RECORDS FOR THE EXERCISE ::
* * *

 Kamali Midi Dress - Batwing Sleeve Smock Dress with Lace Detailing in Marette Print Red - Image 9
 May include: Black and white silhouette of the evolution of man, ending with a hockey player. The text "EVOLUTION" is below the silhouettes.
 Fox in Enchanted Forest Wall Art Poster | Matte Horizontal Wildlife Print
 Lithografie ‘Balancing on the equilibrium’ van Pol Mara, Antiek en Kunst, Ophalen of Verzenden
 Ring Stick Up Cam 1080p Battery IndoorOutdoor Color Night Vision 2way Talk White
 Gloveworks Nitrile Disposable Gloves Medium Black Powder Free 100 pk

* * *

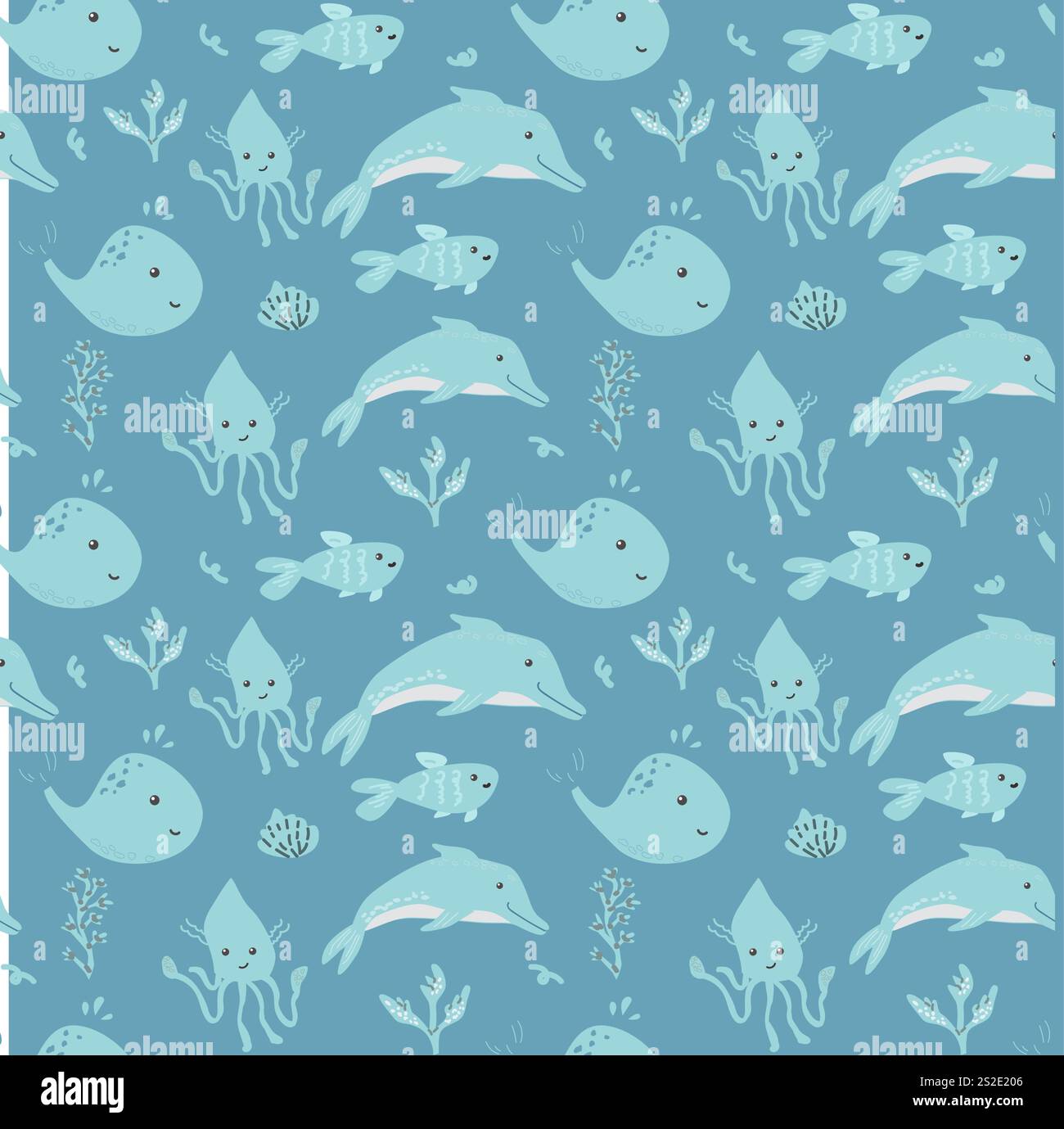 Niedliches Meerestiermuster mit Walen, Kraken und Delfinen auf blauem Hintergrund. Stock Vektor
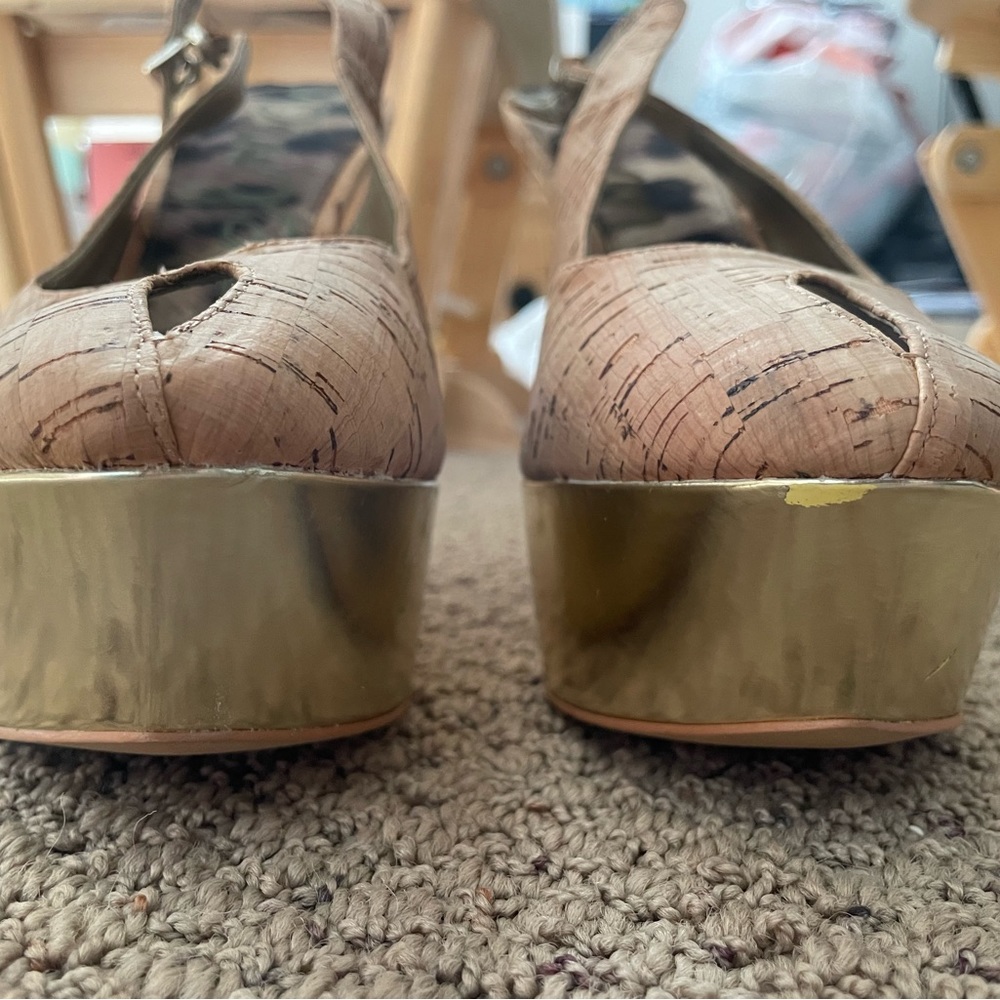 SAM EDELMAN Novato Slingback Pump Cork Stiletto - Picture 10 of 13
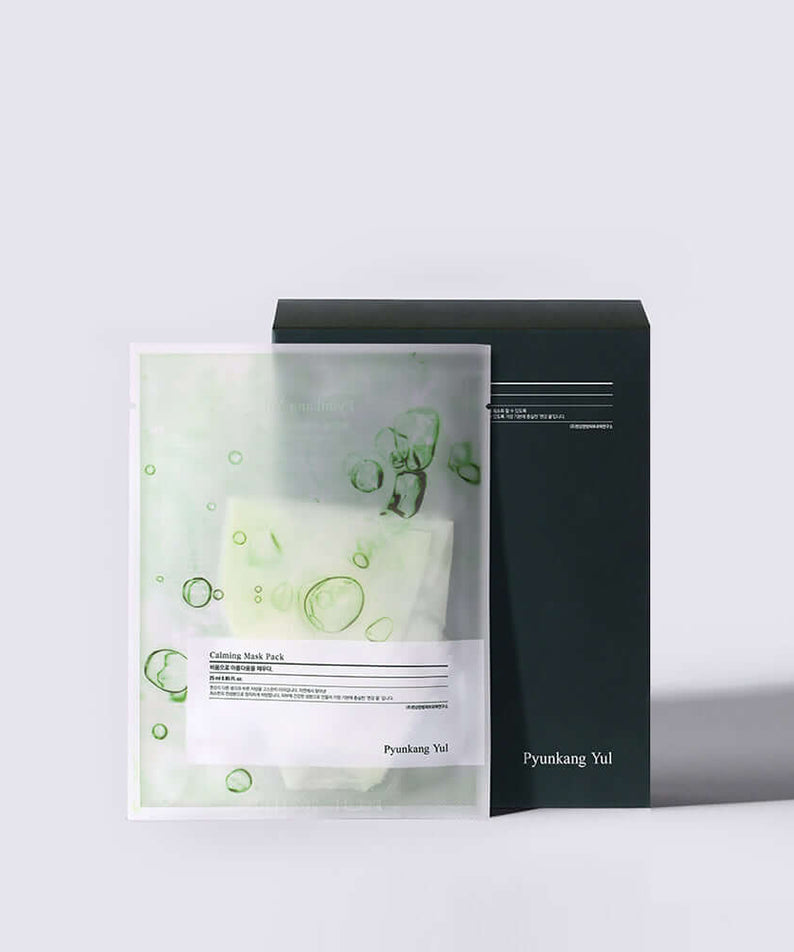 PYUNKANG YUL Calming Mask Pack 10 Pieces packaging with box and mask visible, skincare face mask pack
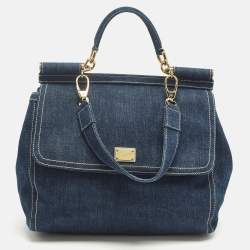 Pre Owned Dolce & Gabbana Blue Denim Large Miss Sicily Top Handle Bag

* * *

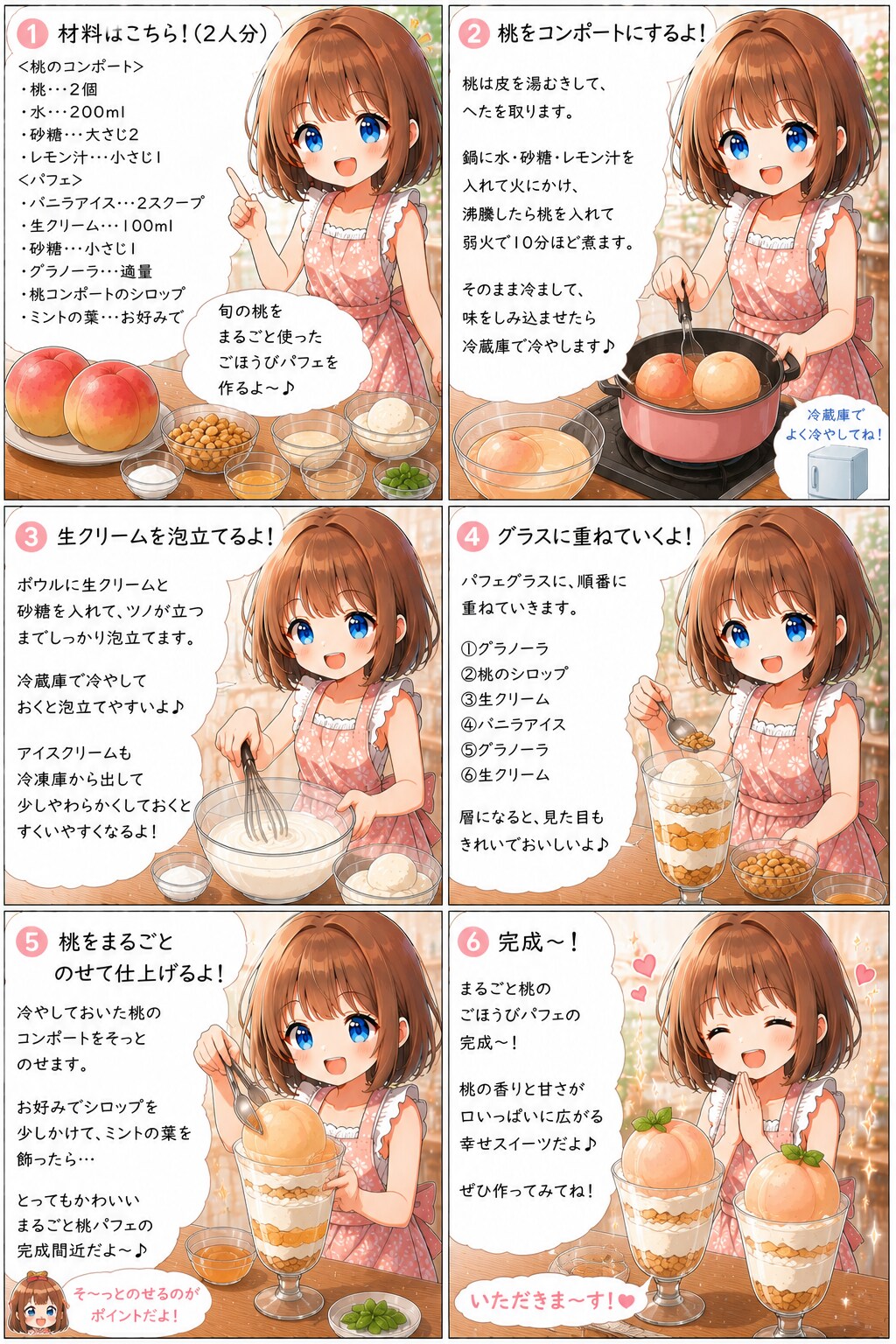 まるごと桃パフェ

* * *

WORK TO BE COMPLETED ::
Go back to the listing above and write out the lines starting at the one with "PYUNKANG YUL Calming" and ending at the one with "Pre Owned Dolce", inclusive, exactly and without pictures.

ANSWER ::
 PYUNKANG YUL Calming Mask Pack 10 Pieces packaging with box and mask visible, skincare face mask pack
 Pre Owned Dolce & Gabbana Blue Denim Large Miss Sicily Top Handle Bag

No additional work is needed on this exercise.